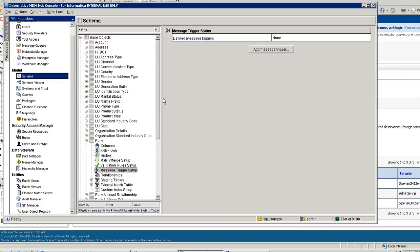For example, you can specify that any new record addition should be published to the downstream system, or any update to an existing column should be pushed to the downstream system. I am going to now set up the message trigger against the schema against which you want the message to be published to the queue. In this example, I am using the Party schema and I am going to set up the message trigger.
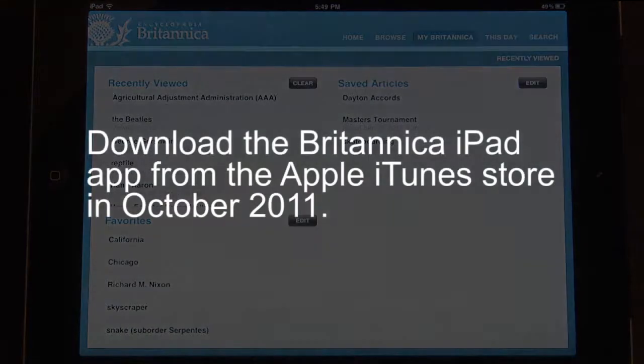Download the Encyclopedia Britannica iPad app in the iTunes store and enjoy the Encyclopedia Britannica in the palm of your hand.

.....

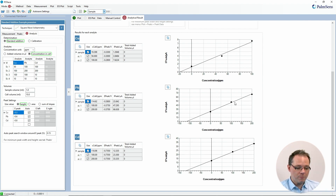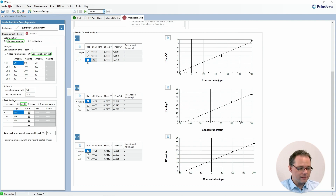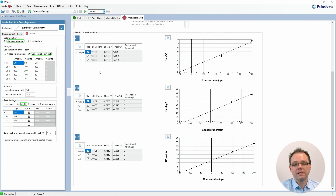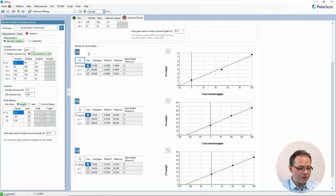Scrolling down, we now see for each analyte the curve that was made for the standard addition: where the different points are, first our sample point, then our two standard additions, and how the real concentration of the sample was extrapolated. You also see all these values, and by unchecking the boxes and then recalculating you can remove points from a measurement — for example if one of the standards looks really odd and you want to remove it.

.....

• **TASK ITEM**
Set down exactly the lines above, from the line containing "For example, you" through the line containing "Download the Encyclopedia". Skip the pictures.

• **EXERCISE RESPONSE**
For example, you can specify that any new record addition should be published to the downstream system, or any update to an existing column should be pushed to the downstream system. I am going to now set up the message trigger against the schema against which you want the message to be published to the queue. In this example, I am using the Party schema and I am going to set up the message trigger.
Download the Encyclopedia Britannica iPad app in the iTunes store and enjoy the Encyclopedia Britannica in the palm of your hand.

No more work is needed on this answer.